# PROVIDED DATA

-*-

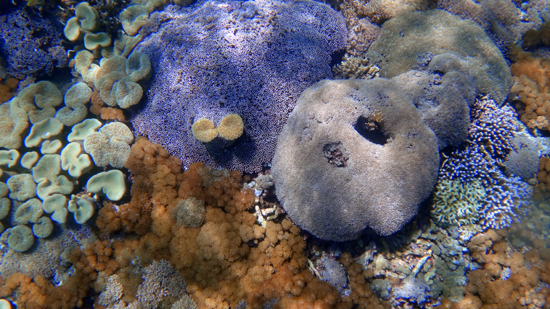 soft coral warna-warni di Karang Makassar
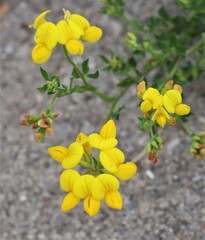 Lotus corniculatus
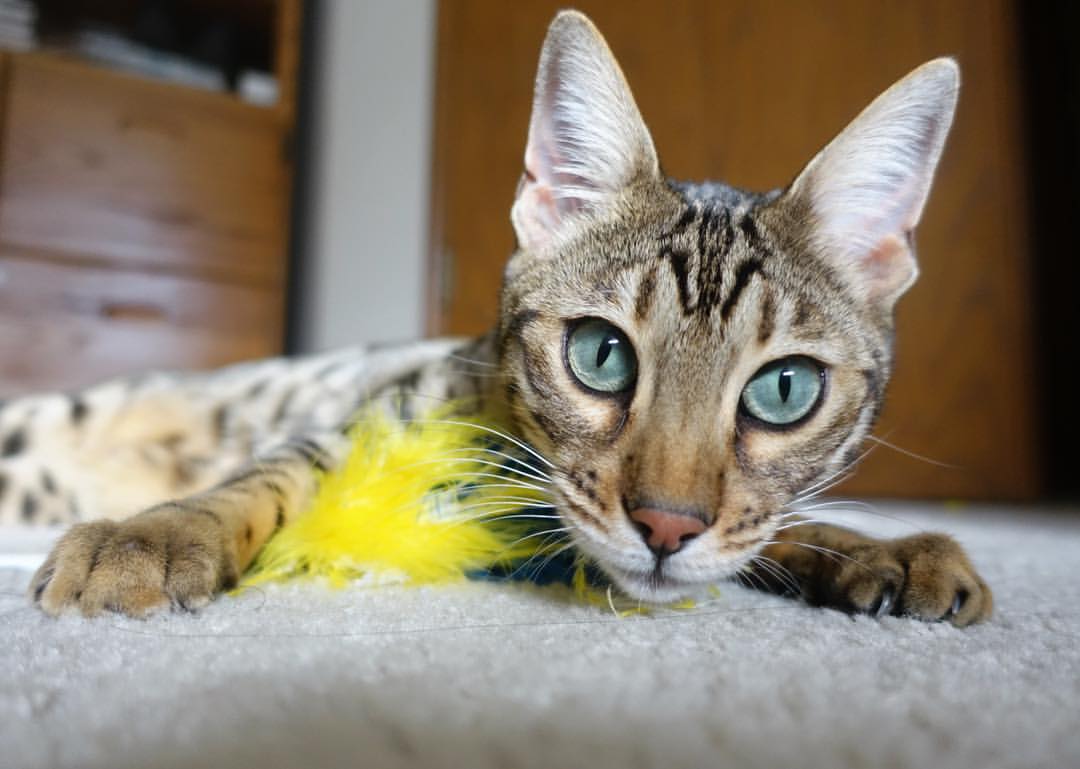 只手擎天！米切尔独木破楼兰，北京淘汰鹈鹕存亡系一人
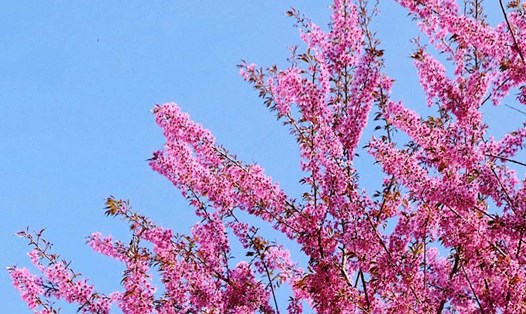 Đất trời Mộc Châu như đang khoác trên mình một chiếc áo hồng đầy quyến rũ nhờ sắc hoa mai anh đào.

-*-

# WHAT THE TASK REQUIRES
Omit the pictures, then quote the rest of the material above exactly.

# TASK SOLUTION
 soft coral warna-warni di Karang Makassar
 Lotus corniculatus
 只手擎天！米切尔独木破楼兰，北京淘汰鹈鹕存亡系一人
 Đất trời Mộc Châu như đang khoác trên mình một chiếc áo hồng đầy quyến rũ nhờ sắc hoa mai anh đào.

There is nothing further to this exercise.